La question de la fraude fiscale sous l’angle psychologique actuelle
Directrice adjoint des impôts de Côte d’Ivoire, Bamba Maférima M’Bahia vient de soutenir avec brio une thèse unique intitulée : « traits de personnalité et comportements de fraude fiscale : une approche expérimentale”. La thèse soutenue à l’UFR des Sciences Economiques et Développement d’Abidjan pose une problématique mondiale. Ainsi, aux USA, le Sénat estime à 100 milliards de dollars par an le manque à gagner imputable à l’évasion et à la fraude fiscale. Dans un grand nombre de pays d’Europe et d’Afrique, les recettes perdues se chiffrent en milliards d’euros.
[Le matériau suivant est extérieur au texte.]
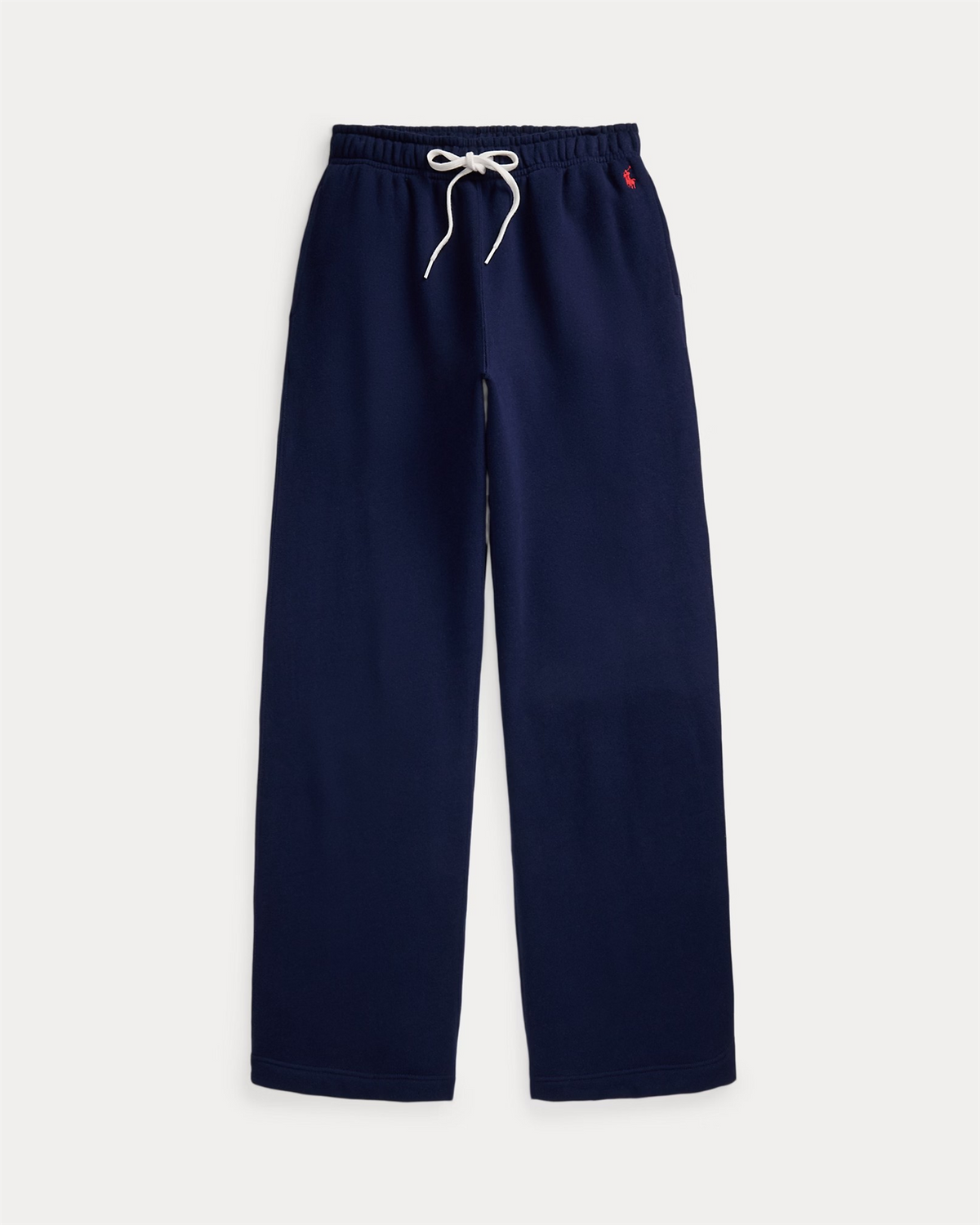 Knit-Open Bottom Sweatpant-Pants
En Côte d’ivoire, selon les informations de la DGI, l’on estime le montant de la fraude fiscale entre 100 et 150 milliards de FCFA chaque année, détaille Bamba Maférima M’Bahia, qui passe en revue les moyens utilisés par différents pays pour y remédier. « L’originalité de notre recherche tient à la prise en compte des facteurs psychologiques comme le sentiment d’équité, d’intégrité et d’éthique, en plus des variables traditionnellement utilisés et surtout au recours de la méthode des scénarios pour expliquer les comportements de fraude fiscale. La littérature économique montre que les variables tels que la sensibilité à l’équité et à l’égalité ont des corrélations avec les comportements fiscaux.
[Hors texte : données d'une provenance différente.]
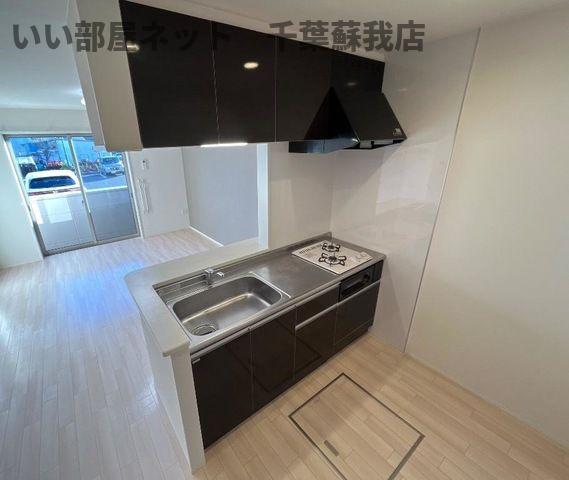 キッチン　使いやすいキッチンです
Les travaux de FALKINGER (1988), SPICER et BECKER (1980) mettent en exergue l’importance du sentiment d’équité ou d’iniquité sur les agissements des individus, rappelle Bamba Maférima M’Bahia, qui émet quand même des préalables dans l’approche psychologique. “Nos résultats montrent que le sentiment d’équité contribue à limiter les comportements de fraude seulement dans un contexte de forte probabilité de dénonciation. Nos résultats remettent en cause la plupart de ces travaux”. Et madame M’Bahia d’appeler dans ses conclusions la Direction Générale des Impôts (DGI) à changer de paradigme en allant vers un système de profilage des contribuables et d’analyse approfondie prospective et multidimensionnelle par rapport aux solutions basées uniquement sur des relents de techniques de contrôle. Cette recherche va permettre à l’Administration fiscale de mettre en place une cartographie des risques liés aux traits de personnalité des contribuables pour mieux les catégoriser et les gérer en vue d’élargir l’assiette fiscale en réduisant les coûts des contrôles fiscaux. Bamba Maférima M’Bahia invite également l’administration fiscale à instaurer un pacte de confiance entre elle et les contribuables ce qui pourrait stimuler l’intégrité du contribuable et son consentement à payer librement ses impôts. En fait, cette approche psychologique constitue certainement une voie nouvelle dans une Afrique où l’assiette fiscale est des plus faibles.
A noter que Bamba Maférima M’Bahia a obtenu la mention très honorable avec les félicitations du jury, lors de la soutenance, jeudi 28 janvier 2021, à l’Université Alassane Ouattara de Bouaké au sein de l’Ecole doctorale d’économie et de gestion de l’UFR des Sciences économiques et de développement.